With spooky season just around the corner, it’s high time to plan a haunt-hopping road trip. From a historic tavern where you can rub shoulders with ghosts to a grim backroad through the shadowy forests of Alabama, here are 10 destinations worth experiencing ... if you’ve got the nerve.
1. Emily's Bridge
This 50-foot span over Gold Brook, built in 1844, isn’t your average photogenic New England covered bridge—it’s also an infamous paranormal site. The residing specter, Emily, is said to have taken her own life after the lover she was supposed to elope with at the bridge stood her up. Drive through the bridge and you might find your car lined with scratches; walk through it and you might find yourself lined with scratches.
When you’re not experiencing Emily’s lingering anger, you’ve got Stowe’s all-around loveliness to enjoy—including Mount Mansfield, the highest peak in the Green Mountains and a Northeastern ski mecca; and some of the best fall colors anywhere.
2. Faulkner House Books
New Orleans, Louisiana
A well-known attraction along Pirate's Alley in New Orleans, Faulkner House Books is a fine little bookshop and a genuine literary landmark, where author William Faulkner lived in 1925 as he wrote his first novel, Soldiers’ Pay. Faulkner, who went on to pen such works as The Sound & the Fury and As I Lay Dying, is said to still reside at the house. The smell of tobacco—Faulkner was an avid pipe smoker—is often detected, and the great wordsmith sometimes appears at his writing desk, displayed inside.

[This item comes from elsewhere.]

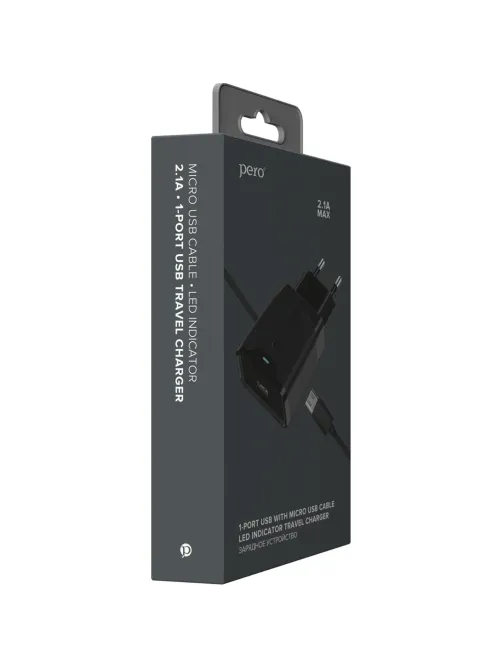 Зарядное устройство сетевое PERO TC04 1USB 2.1A + MICRO-USB CABLE черный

You don’t have to look very hard to find other haunted sites in the Big Easy, not to mention some of the best food and live music in the world.
3. Jameson Tavern
Situated in the lovely harbor city of Freeport, Jameson Tavern is one of the oldest watering holes in Maine. Opened in 1779, it’s nicknamed “The birthplace of Maine” because the paperwork splitting Maine from Massachusetts was allegedly signed here in 1820. The building’s long history ensures a full ghostly roster, which include the apparition of a tall man in a top hat, as well as the playful spirit of a young girl who lived in the attic in the 1800s and died in a fire.
After communing with the living and the dearly departed, consider paying a visit to the famous flagship store of L.L. Bean—founded here in 1912—and taking a hike at Wolfe’s Neck Woods State Park. You can weave your ghost-hunting stopover at Freeport into quite the awesome road trip along Maine’s Coastal Route.
4. Bodie State Historic Park
The tiny town of Bodie boomed in the 1870s after the discovery of a rich gold deposit. By the 1940s, Bodie had become a ghost town. Nestled in the hills east of the Sierra Nevada, it's now a state park that's home to hundreds of hauntingly beautiful abandoned buildings. They're preserved in a ghostly state called "arrested decay"—not restored, but maintained enough to prevent further breakdown. The town has its share of ghost stories, but perhaps the most eerie is that anyone removing objects from the park—no matter how small—is said to find themselves cursed with bad luck.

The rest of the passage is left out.